There's a reason why people spend thousands of dollars on their systems, or just use a cloud provider to run their choice of llm model.
That being said, you may want to try out: - granite 4 series (check out the 4H-tiny, I got 32k context working under 8GB of VRAM) - llama 3 series (the small 8gb ones. Some swear by the original, some 3.1, some 3.2 and rarely 3.3) - qwen2/qwen3 series (the smaller models)
Otherwise, good luck, because you might want to upgrade in the near future, or compromise somewhere
Mbcat4@reddit
?? With 8 gb vram and 32 gb ram I run qwen3 vl 30b, there's no need for small models
bohemianLife1@reddit (OP)
Tried granite 4H-tiny (Q8 with llama.cpp server 8k context).
It adhere the prompt almost perfectly. I'll try tool calling.
Fox-Lopsided@reddit
Qwen Omni ?
thebadslime@reddit
What about an MoE? ERNIE 4.5 21BA3B is on par with gpt4 regular.
bohemianLife1@reddit (OP)
Will it fit on 16GB card?
Nixellion@reddit
In my experience with agentic tasks in my own assistants - 14B models work well in 16GB. Qwen3 or Gemini 3. Both are great.

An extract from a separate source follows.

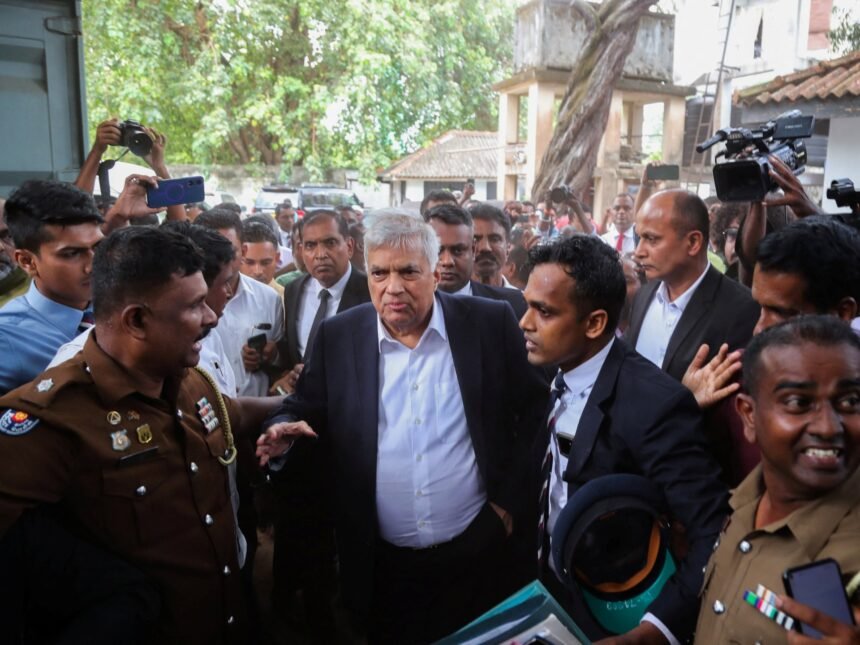 Bivši predsjednik Šri Lanke Ranil Wickemesinghe uhapšen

Gemini 4B is also quite powerful, I used it as Deep Research agent, it was capable of properly calling web search and web open tools I provided to gather data and summarizing it for the larger model to reason about.
reginakinhi@reddit
For anyone reading this, by Gemini they presumably mean Google's open source offering: Gemma here.
Nixellion@reddit
Oops, yes, thanks for the correction.
thebadslime@reddit
MoE also uses system ram, i get 25 tps with a 4gb card and 32gb ram.
Lucky-Necessary-8382@reddit
There should be some fintetunes of qwen3 with 4o outputs
pmttyji@reddit
Though it's not 10B, here some models for your 16GB VRAM.

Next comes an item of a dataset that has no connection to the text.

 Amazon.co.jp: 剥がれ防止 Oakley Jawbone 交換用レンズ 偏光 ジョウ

With additional RAM, you could go for higher quants & also go with Qwen3-30B MOE models. I run Qwen3-30B(Q4) with just 8GB VRAM + 32GB RAM.
lly0571@reddit
Gemma3-12B-it might be okay, but may fell short when compared with 4o-mini.
You can get maybe \~40t/s with 8-10GB remaining vRAM on Qwen3-30B-A3B with llama.cpp.
beppled@reddit
oki so you mentioned you need an agent .. it depends on how tool heavy and image understanding heavy your workflow is ... i'd recommend jan for mcp use ..
unless you want something nsfw, factory tuned models like gemma 3n e4b would actually work perfectly ... qwen has a long cot problem, not snappy enough.
i've never gotten it to work but this gemma model accepts audio and video natively too, you can try your luck ...
bohemianLife1@reddit (OP)
I thought of gemma model, 4b I'll give a try but I assume will be little short for the work tested 27B and it is amazing but doesn't fit in hardware requirements.